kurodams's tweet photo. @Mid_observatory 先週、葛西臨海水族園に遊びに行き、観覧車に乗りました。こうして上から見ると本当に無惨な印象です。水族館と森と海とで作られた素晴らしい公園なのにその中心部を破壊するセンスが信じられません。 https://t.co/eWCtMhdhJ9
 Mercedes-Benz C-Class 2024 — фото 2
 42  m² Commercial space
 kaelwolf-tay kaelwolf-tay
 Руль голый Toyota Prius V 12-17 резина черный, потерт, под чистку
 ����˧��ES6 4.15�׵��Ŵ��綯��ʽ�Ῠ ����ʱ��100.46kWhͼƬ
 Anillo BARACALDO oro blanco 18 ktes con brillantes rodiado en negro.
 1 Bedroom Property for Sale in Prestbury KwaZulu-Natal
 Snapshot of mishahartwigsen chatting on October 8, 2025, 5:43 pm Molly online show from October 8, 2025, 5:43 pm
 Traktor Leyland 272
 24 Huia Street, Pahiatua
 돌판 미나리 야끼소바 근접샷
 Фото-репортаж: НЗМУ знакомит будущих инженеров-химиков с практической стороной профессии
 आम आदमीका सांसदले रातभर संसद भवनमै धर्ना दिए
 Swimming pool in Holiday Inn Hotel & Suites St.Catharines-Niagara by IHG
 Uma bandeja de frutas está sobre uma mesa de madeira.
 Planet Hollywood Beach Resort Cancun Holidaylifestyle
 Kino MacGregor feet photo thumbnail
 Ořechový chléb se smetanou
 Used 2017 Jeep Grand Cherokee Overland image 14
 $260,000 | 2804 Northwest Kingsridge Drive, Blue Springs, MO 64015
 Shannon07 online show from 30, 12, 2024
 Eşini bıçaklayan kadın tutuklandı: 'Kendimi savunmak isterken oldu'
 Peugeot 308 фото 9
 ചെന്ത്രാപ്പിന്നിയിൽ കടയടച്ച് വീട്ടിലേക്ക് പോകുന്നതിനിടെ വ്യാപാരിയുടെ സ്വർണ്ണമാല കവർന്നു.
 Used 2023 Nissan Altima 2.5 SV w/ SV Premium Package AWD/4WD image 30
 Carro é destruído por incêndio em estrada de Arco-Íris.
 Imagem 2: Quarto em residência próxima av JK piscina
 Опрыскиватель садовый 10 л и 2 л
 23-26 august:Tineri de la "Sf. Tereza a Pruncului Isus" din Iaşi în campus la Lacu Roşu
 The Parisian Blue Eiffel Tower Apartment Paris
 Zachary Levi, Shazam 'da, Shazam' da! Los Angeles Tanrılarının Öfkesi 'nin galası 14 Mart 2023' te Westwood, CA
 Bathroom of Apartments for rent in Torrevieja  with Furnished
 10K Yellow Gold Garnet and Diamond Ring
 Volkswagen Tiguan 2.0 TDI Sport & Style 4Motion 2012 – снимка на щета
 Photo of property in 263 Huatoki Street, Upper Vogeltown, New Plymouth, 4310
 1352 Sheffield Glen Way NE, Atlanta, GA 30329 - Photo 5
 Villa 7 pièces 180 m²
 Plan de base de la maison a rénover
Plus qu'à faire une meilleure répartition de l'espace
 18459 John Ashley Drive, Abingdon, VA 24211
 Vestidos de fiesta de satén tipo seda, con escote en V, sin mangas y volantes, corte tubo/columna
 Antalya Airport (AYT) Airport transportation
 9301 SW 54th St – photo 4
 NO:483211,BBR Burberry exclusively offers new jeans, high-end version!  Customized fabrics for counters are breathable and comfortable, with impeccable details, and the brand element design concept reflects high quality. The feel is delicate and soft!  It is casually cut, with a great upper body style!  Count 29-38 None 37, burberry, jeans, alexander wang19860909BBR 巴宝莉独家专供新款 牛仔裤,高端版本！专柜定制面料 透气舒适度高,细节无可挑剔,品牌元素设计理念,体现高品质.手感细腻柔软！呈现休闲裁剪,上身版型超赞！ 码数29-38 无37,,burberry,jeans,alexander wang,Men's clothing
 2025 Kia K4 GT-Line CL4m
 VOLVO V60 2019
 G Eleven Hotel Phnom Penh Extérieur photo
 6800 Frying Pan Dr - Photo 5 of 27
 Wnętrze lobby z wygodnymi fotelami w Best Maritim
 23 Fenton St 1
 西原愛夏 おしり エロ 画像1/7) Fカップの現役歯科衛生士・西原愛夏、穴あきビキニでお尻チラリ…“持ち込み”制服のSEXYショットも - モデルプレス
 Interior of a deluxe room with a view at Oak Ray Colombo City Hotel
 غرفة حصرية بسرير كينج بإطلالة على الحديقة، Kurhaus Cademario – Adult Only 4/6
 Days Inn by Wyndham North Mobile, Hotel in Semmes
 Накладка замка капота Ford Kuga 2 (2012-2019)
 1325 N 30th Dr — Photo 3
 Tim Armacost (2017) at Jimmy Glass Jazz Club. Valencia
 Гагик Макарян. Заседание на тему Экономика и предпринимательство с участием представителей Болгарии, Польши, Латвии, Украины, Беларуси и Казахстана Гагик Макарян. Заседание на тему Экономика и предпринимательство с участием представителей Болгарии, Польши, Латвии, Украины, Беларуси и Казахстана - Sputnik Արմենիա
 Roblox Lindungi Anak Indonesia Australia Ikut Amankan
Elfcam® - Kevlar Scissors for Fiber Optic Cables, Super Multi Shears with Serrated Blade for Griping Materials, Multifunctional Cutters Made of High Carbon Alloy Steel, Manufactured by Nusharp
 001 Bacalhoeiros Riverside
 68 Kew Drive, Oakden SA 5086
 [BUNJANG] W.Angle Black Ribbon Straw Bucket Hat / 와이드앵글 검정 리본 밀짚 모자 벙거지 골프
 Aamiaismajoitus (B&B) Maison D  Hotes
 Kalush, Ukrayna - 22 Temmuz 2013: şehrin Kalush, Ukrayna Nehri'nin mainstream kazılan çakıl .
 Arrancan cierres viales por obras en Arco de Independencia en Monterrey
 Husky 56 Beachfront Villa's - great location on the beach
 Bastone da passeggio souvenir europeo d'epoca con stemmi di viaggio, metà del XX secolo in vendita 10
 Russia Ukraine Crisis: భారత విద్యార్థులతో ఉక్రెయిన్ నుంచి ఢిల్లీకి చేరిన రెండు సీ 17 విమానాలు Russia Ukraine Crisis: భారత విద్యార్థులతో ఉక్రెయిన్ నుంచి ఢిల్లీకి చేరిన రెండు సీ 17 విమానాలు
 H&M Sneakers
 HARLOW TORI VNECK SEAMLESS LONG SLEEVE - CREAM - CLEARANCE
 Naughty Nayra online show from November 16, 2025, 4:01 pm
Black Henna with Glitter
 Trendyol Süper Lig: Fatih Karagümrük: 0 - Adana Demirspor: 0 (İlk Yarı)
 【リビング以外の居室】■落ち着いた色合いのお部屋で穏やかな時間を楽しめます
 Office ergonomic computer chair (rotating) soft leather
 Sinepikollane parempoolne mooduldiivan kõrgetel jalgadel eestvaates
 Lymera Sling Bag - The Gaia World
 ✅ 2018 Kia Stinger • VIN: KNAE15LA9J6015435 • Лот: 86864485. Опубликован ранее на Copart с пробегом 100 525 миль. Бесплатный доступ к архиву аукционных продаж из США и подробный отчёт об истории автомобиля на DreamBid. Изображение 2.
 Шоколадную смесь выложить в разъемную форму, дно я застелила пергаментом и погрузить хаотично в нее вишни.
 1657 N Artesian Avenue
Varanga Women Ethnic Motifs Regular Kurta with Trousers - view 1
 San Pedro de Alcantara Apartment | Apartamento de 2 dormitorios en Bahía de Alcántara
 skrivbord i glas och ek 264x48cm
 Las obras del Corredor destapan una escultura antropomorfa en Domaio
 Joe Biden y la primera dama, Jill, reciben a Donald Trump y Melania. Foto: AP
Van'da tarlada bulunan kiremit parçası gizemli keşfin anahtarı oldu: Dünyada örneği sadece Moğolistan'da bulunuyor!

=======

*EXERCISE AIM*
Copy out all of the records verbatim.

*FINISHED TASK*
kurodams's tweet photo. @Mid_observatory 先週、葛西臨海水族園に遊びに行き、観覧車に乗りました。こうして上から見ると本当に無惨な印象です。水族館と森と海とで作られた素晴らしい公園なのにその中心部を破壊するセンスが信じられません。 https://t.co/eWCtMhdhJ9
 Mercedes-Benz C-Class 2024 — фото 2
 42  m² Commercial space
 kaelwolf-tay kaelwolf-tay
 Руль голый Toyota Prius V 12-17 резина черный, потерт, под чистку
 ����˧��ES6 4.15�׵��Ŵ��綯��ʽ�Ῠ ����ʱ��100.46kWhͼƬ
 Anillo BARACALDO oro blanco 18 ktes con brillantes rodiado en negro.
 1 Bedroom Property for Sale in Prestbury KwaZulu-Natal
 Snapshot of mishahartwigsen chatting on October 8, 2025, 5:43 pm Molly online show from October 8, 2025, 5:43 pm
 Traktor Leyland 272
 24 Huia Street, Pahiatua
 돌판 미나리 야끼소바 근접샷
 Фото-репортаж: НЗМУ знакомит будущих инженеров-химиков с практической стороной профессии
 आम आदमीका सांसदले रातभर संसद भवनमै धर्ना दिए
 Swimming pool in Holiday Inn Hotel & Suites St.Catharines-Niagara by IHG
 Uma bandeja de frutas está sobre uma mesa de madeira.
 Planet Hollywood Beach Resort Cancun Holidaylifestyle
 Kino MacGregor feet photo thumbnail
 Ořechový chléb se smetanou
 Used 2017 Jeep Grand Cherokee Overland image 14
 $260,000 | 2804 Northwest Kingsridge Drive, Blue Springs, MO 64015
 Shannon07 online show from 30, 12, 2024
 Eşini bıçaklayan kadın tutuklandı: 'Kendimi savunmak isterken oldu'
 Peugeot 308 фото 9
 ചെന്ത്രാപ്പിന്നിയിൽ കടയടച്ച് വീട്ടിലേക്ക് പോകുന്നതിനിടെ വ്യാപാരിയുടെ സ്വർണ്ണമാല കവർന്നു.
 Used 2023 Nissan Altima 2.5 SV w/ SV Premium Package AWD/4WD image 30
 Carro é destruído por incêndio em estrada de Arco-Íris.
 Imagem 2: Quarto em residência próxima av JK piscina
 Опрыскиватель садовый 10 л и 2 л
 23-26 august:Tineri de la "Sf. Tereza a Pruncului Isus" din Iaşi în campus la Lacu Roşu
 The Parisian Blue Eiffel Tower Apartment Paris
 Zachary Levi, Shazam 'da, Shazam' da! Los Angeles Tanrılarının Öfkesi 'nin galası 14 Mart 2023' te Westwood, CA
 Bathroom of Apartments for rent in Torrevieja  with Furnished
 10K Yellow Gold Garnet and Diamond Ring
 Volkswagen Tiguan 2.0 TDI Sport & Style 4Motion 2012 – снимка на щета
 Photo of property in 263 Huatoki Street, Upper Vogeltown, New Plymouth, 4310
 1352 Sheffield Glen Way NE, Atlanta, GA 30329 - Photo 5
 Villa 7 pièces 180 m²
 Plan de base de la maison a rénover
Plus qu'à faire une meilleure répartition de l'espace
 18459 John Ashley Drive, Abingdon, VA 24211
 Vestidos de fiesta de satén tipo seda, con escote en V, sin mangas y volantes, corte tubo/columna
 Antalya Airport (AYT) Airport transportation
 9301 SW 54th St – photo 4
 NO:483211,BBR Burberry exclusively offers new jeans, high-end version!  Customized fabrics for counters are breathable and comfortable, with impeccable details, and the brand element design concept reflects high quality. The feel is delicate and soft!  It is casually cut, with a great upper body style!  Count 29-38 None 37, burberry, jeans, alexander wang19860909BBR 巴宝莉独家专供新款 牛仔裤,高端版本！专柜定制面料 透气舒适度高,细节无可挑剔,品牌元素设计理念,体现高品质.手感细腻柔软！呈现休闲裁剪,上身版型超赞！ 码数29-38 无37,,burberry,jeans,alexander wang,Men's clothing
 2025 Kia K4 GT-Line CL4m
 VOLVO V60 2019
 G Eleven Hotel Phnom Penh Extérieur photo
 6800 Frying Pan Dr - Photo 5 of 27
 Wnętrze lobby z wygodnymi fotelami w Best Maritim
 23 Fenton St 1
 西原愛夏 おしり エロ 画像1/7) Fカップの現役歯科衛生士・西原愛夏、穴あきビキニでお尻チラリ…“持ち込み”制服のSEXYショットも - モデルプレス
 Interior of a deluxe room with a view at Oak Ray Colombo City Hotel
 غرفة حصرية بسرير كينج بإطلالة على الحديقة، Kurhaus Cademario – Adult Only 4/6
 Days Inn by Wyndham North Mobile, Hotel in Semmes
 Накладка замка капота Ford Kuga 2 (2012-2019)
 1325 N 30th Dr — Photo 3
 Tim Armacost (2017) at Jimmy Glass Jazz Club. Valencia
 Гагик Макарян. Заседание на тему Экономика и предпринимательство с участием представителей Болгарии, Польши, Латвии, Украины, Беларуси и Казахстана Гагик Макарян. Заседание на тему Экономика и предпринимательство с участием представителей Болгарии, Польши, Латвии, Украины, Беларуси и Казахстана - Sputnik Արմենիա
 Roblox Lindungi Anak Indonesia Australia Ikut Amankan
Elfcam® - Kevlar Scissors for Fiber Optic Cables, Super Multi Shears with Serrated Blade for Griping Materials, Multifunctional Cutters Made of High Carbon Alloy Steel, Manufactured by Nusharp
 001 Bacalhoeiros Riverside
 68 Kew Drive, Oakden SA 5086
 [BUNJANG] W.Angle Black Ribbon Straw Bucket Hat / 와이드앵글 검정 리본 밀짚 모자 벙거지 골프
 Aamiaismajoitus (B&B) Maison D  Hotes
 Kalush, Ukrayna - 22 Temmuz 2013: şehrin Kalush, Ukrayna Nehri'nin mainstream kazılan çakıl .
 Arrancan cierres viales por obras en Arco de Independencia en Monterrey
 Husky 56 Beachfront Villa's - great location on the beach
 Bastone da passeggio souvenir europeo d'epoca con stemmi di viaggio, metà del XX secolo in vendita 10
 Russia Ukraine Crisis: భారత విద్యార్థులతో ఉక్రెయిన్ నుంచి ఢిల్లీకి చేరిన రెండు సీ 17 విమానాలు Russia Ukraine Crisis: భారత విద్యార్థులతో ఉక్రెయిన్ నుంచి ఢిల్లీకి చేరిన రెండు సీ 17 విమానాలు
 H&M Sneakers
 HARLOW TORI VNECK SEAMLESS LONG SLEEVE - CREAM - CLEARANCE
 Naughty Nayra online show from November 16, 2025, 4:01 pm
Black Henna with Glitter
 Trendyol Süper Lig: Fatih Karagümrük: 0 - Adana Demirspor: 0 (İlk Yarı)
 【リビング以外の居室】■落ち着いた色合いのお部屋で穏やかな時間を楽しめます
 Office ergonomic computer chair (rotating) soft leather
 Sinepikollane parempoolne mooduldiivan kõrgetel jalgadel eestvaates
 Lymera Sling Bag - The Gaia World
 ✅ 2018 Kia Stinger • VIN: KNAE15LA9J6015435 • Лот: 86864485. Опубликован ранее на Copart с пробегом 100 525 миль. Бесплатный доступ к архиву аукционных продаж из США и подробный отчёт об истории автомобиля на DreamBid. Изображение 2.
 Шоколадную смесь выложить в разъемную форму, дно я застелила пергаментом и погрузить хаотично в нее вишни.
 1657 N Artesian Avenue
Varanga Women Ethnic Motifs Regular Kurta with Trousers - view 1
 San Pedro de Alcantara Apartment | Apartamento de 2 dormitorios en Bahía de Alcántara
 skrivbord i glas och ek 264x48cm
 Las obras del Corredor destapan una escultura antropomorfa en Domaio
 Joe Biden y la primera dama, Jill, reciben a Donald Trump y Melania. Foto: AP
Van'da tarlada bulunan kiremit parçası gizemli keşfin anahtarı oldu: Dünyada örneği sadece Moğolistan'da bulunuyor!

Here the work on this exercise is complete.